In a clarificatory statement, the Home ministry said adequate safeguards are provided in the IT Act, 2000 and similar provisions and procedures already exist in the Telegraph Act along with “identical safeguards”. The ministry said “each case” of such computer interception, monitoring and decryption is “to be approved by the competent authority, which is the Union home secretary”.
“The present notification is analogous to the authorisation issued under the Telegraph Act. The entire process is also subject to a robust review mechanism as in case of Telegraph Act. Every individual case will continue to require prior approval of Home ministry or state government. MHA has not delegated its powers to any law enforcement or security agency,” it said.
The ministry used Rule 4 of the IT (Procedure and Safeguards for Interception, Monitoring and Decryption of Information) Rules 2009 to elaborate its point. It provides that “the competent authority may authorise an agency of the Government to intercept, monitor or decrypt information generated, transmitted, received or stored in any computer resource for the purpose specified in sub-section (1) of Section 69 of the Act”, the ministry said.
Therefore, it said, the latest order has been issued “in accordance with rules framed in year 2009 and in vogue since then and no new powers have been conferred to any of the security or law enforcement agencies”.
The notification, it said, has been issued to notify the ISPs (internet service providers), TSPs (telecommunications service providers), intermediaries among others to codify the existing orders.
“These powers are also available to the competent authority in the state governments as per IT (Procedure and Safeguards for Interception, Monitoring and Decryption of Information) Rules 2009,” it added.
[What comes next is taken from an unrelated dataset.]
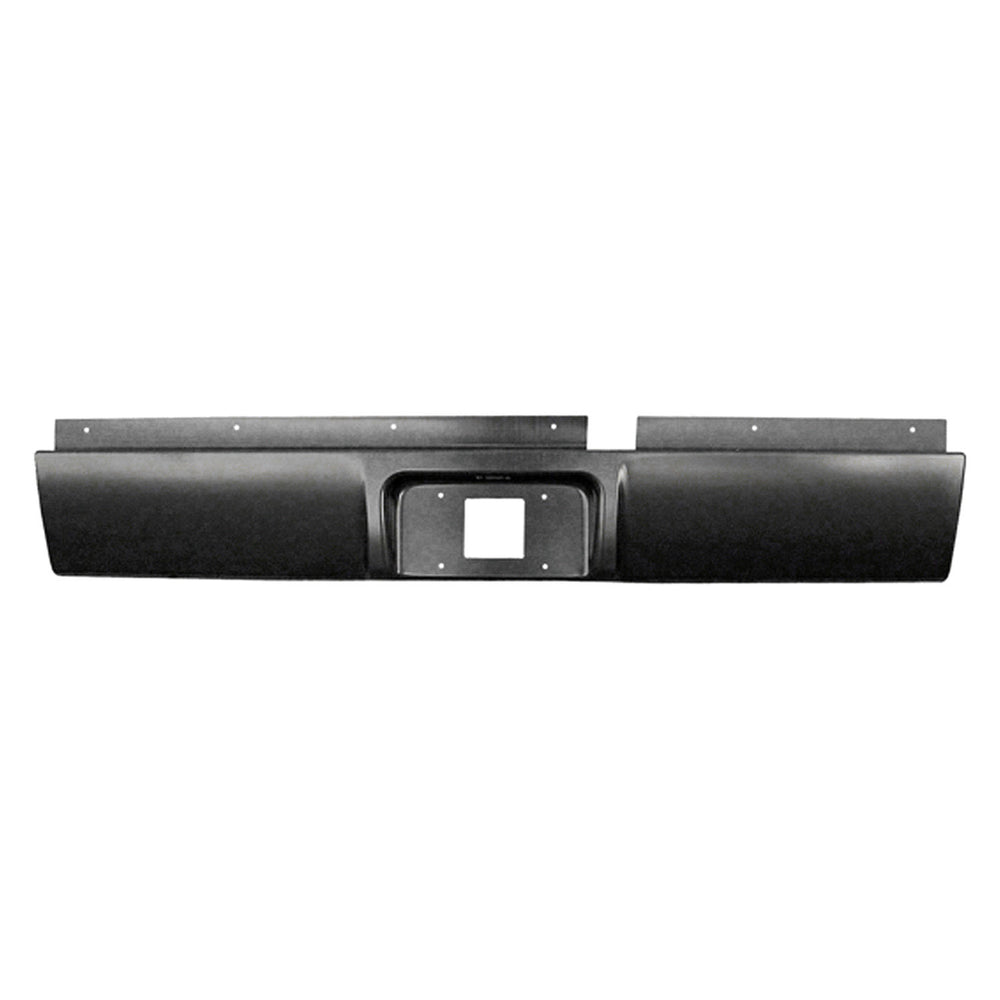PROEFX auto part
According to rule 22 of the IT (Procedure and Safeguards for Interception, Monitoring and Decryption of Information) Rules 2009, all cases of interception or monitoring or decryption are to be placed before the review committee, headed by the cabinet secretary, which shall meet at least once in two months to review such cases, the statement said. In case of state governments, it added, such cases are reviewed by a committee headed by the chief secretary concerned.